Une deuxième raison tient au risque. C’est une vision rétrécie de la gestion de ne considérer que seul comptent le profit et l’argent : une autre question centrale est celle du risque. En un mot l’important n’est pas tant le coût que la certitude de ce coût. L’humain est aussi une question de risque. Beaucoup d’entreprises préfèrent surpayer des compétences dont elles savent qu’elles pourront supprimer le coût dès la satisfaction du besoin : on appelle cela l’interim, la prestation de service ou les talent-platforms pour être plus moderne. Une approche taylorienne de l’organisation, c’est l’appel à des aptitudes élémentaires ou facilement acquérables, c’est donc la limitation du risque de ne pas pouvoir remplacer cette compétence en cas de disparition. C’est aussi se suffire - quels que soient les discours – d’une gestion à court terme des ressources humaines parce que le risque est toujours plus maîtrisable à court terme.

Une troisième raison tient aussi peut-être aux personnes elles-mêmes. Pourquoi le travail devrait-il être un lieu d’engagement ? On n’a pas besoin d’être très engagé pour passer l’aspirateur dans son appartement et on le fait parce que c’est nécessaire ; pourquoi ne pas imaginer de semblables attitudes vis-à-vis du travail ? Le travail serait ce mal nécessaire, cette parenthèse entre deux moments de vraie vie. Dans une époque où le temps de travail – volens nolens – est devenu très marginal par rapport au reste de l’existence, où la valeur des services disponibles n’a plus grand-chose à voir avec le salaire reçu (du fait des mécanismes de redistribution), peut-on encore tabler sur un impératif d’engagement donc d’organisations non-fondées sur les principes tayloriens ? Des organisations dont la performance ne dépend pas des personnes mais des systèmes n’apporte-t-elles pas de la tranquillité d’esprit : rappelons-nous que beaucoup d’expériences d’enrichissement des tâches et d’équipes plus autonomes ont échoué du fait de la réticence des salariés à de faire prendre par le souci de leur travail s’ils étaient plus responsabilisés.
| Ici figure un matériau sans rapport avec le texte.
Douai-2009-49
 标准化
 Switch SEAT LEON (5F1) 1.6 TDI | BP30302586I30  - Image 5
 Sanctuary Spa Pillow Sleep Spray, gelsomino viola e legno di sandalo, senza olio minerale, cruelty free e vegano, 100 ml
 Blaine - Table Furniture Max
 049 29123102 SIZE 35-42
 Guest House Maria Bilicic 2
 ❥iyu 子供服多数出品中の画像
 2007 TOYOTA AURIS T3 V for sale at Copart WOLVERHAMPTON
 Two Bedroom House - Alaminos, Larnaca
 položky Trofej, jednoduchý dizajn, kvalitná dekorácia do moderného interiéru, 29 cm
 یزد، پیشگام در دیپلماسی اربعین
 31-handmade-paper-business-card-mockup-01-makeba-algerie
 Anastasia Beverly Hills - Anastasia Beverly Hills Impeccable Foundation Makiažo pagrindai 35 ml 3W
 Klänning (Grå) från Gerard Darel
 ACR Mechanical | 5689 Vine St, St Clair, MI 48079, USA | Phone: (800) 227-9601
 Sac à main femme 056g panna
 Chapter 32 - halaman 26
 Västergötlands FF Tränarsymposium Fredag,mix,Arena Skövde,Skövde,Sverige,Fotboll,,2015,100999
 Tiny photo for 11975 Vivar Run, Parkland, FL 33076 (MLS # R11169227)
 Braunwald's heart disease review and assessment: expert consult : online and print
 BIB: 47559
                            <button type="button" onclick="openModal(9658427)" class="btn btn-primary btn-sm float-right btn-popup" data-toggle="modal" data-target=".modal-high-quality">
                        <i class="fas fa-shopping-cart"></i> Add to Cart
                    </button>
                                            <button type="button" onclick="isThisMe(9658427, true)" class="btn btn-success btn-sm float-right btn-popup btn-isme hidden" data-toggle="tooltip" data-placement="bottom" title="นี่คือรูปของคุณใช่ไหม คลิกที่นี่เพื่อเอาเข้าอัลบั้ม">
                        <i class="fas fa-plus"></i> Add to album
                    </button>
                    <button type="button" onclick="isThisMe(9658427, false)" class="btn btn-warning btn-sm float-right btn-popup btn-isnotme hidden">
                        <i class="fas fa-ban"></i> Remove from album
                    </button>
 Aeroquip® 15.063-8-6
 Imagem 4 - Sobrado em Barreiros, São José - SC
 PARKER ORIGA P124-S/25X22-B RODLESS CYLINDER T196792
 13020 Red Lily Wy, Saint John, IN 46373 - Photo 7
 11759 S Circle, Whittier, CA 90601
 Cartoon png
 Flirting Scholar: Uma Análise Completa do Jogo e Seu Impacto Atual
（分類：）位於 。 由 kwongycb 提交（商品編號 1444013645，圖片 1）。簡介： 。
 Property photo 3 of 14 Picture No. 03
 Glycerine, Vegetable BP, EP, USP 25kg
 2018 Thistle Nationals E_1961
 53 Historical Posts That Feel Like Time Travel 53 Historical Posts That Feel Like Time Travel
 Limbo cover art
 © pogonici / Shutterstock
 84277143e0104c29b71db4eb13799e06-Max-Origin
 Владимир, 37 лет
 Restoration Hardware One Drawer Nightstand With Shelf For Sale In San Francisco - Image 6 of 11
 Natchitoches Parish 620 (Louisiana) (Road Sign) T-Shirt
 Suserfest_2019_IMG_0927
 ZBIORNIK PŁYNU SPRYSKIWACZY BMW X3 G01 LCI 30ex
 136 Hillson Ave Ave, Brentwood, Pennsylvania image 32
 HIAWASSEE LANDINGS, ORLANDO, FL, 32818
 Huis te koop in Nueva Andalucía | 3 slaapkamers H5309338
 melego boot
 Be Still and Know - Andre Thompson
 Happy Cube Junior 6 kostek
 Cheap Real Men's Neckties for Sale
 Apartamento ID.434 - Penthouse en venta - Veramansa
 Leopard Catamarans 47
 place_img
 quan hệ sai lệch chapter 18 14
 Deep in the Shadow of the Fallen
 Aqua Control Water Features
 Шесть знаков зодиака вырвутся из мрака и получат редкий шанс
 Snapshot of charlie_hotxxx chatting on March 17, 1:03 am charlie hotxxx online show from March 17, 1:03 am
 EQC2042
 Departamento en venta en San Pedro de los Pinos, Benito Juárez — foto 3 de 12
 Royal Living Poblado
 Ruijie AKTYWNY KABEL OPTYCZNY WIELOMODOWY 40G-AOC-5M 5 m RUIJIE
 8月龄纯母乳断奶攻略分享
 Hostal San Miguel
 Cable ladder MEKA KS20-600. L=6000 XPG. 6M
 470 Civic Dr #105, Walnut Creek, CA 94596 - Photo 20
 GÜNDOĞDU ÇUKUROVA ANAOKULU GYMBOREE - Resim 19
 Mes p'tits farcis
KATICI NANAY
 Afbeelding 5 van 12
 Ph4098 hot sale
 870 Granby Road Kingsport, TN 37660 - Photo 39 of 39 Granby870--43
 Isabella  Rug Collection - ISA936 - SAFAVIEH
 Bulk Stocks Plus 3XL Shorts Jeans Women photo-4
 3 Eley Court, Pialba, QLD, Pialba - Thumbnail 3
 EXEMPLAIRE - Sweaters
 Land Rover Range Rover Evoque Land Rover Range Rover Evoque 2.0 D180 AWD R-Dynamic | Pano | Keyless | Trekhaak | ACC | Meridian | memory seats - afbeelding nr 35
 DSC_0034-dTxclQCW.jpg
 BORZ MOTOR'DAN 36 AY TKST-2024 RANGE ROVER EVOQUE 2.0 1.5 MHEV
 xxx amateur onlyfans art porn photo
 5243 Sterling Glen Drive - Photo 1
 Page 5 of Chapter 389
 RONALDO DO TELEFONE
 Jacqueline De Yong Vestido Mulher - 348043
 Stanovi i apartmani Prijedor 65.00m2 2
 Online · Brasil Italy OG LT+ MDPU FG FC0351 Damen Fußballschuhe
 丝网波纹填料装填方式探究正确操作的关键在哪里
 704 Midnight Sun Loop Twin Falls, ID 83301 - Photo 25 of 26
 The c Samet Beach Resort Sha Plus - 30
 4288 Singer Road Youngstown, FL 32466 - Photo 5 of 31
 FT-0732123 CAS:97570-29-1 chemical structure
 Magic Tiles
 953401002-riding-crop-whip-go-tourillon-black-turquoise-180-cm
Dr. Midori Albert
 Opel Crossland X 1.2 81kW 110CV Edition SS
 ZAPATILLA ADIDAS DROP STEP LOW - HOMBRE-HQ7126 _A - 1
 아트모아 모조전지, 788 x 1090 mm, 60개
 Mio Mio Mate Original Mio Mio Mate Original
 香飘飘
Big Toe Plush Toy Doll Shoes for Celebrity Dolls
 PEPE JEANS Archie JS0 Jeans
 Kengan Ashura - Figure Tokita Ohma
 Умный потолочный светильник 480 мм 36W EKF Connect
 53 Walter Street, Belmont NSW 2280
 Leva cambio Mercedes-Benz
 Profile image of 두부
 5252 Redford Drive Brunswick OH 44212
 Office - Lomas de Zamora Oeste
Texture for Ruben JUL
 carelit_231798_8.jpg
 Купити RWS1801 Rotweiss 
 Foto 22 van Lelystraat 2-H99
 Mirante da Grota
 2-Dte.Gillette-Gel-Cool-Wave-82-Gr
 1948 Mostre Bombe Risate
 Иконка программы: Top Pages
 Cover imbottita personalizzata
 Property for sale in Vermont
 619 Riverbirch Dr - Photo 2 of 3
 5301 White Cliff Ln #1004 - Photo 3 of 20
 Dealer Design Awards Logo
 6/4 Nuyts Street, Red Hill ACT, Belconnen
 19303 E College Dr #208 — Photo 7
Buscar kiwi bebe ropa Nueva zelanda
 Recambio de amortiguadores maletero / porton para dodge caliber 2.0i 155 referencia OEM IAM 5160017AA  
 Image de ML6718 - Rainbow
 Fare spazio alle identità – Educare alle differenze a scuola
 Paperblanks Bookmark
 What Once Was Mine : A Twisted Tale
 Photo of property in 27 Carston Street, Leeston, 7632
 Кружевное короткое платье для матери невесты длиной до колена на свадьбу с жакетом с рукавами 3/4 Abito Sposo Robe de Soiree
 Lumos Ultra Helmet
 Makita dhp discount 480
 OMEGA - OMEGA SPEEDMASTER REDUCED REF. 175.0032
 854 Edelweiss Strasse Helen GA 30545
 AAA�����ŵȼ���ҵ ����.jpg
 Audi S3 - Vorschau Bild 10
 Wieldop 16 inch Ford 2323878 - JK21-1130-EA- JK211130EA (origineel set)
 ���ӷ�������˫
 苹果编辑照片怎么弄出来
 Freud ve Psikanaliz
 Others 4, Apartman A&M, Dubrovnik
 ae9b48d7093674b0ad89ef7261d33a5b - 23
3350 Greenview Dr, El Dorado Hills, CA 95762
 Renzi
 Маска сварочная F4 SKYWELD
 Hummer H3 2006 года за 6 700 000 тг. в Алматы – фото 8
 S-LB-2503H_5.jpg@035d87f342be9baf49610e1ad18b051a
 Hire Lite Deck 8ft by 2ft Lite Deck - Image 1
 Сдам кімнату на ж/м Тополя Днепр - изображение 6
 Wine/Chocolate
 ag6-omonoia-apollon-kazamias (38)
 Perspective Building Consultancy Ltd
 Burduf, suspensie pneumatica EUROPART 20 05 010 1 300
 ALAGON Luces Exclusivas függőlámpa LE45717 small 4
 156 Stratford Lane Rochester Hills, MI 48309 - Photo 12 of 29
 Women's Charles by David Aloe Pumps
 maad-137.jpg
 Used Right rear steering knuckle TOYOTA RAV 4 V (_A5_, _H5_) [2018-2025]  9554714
Des organisations du travail peu dépendantes des personnes, ce n’est pas le passé mais la tentation permanente et, dans certains cas un facteur d’efficacité qui allège le fardeau du management. Il serait vain de le contester mais il serait dangereux de ne pas en considérer les risques. Risque pour le business en premier lieu puisque l’engagement est souvent un facteur de performance malheureusement non spectaculaire et dont les technocrates croient pouvoir se passer : regardons l’exemple des emplois dans la santé dont la qualité ne se réduit pas aux protocoles.

Risque pour la société car le travail est un lieu possible et souvent unique d’apprentissage de la vie ensemble mais aussi d’un engagement pour un projet collectif et la question d’un projet collectif ne doit-il pas être la perspective indispensable à la demande généralisée de reconnaissance de toutes les différences.

Risque pour les personnes elles-mêmes dont il serait temps de reconnaître que l’expérience professionnelle est une opportunité de reconnaissance, d’épanouissement et de croissance avant d’être un risque psychosocial et un processus de victimisation.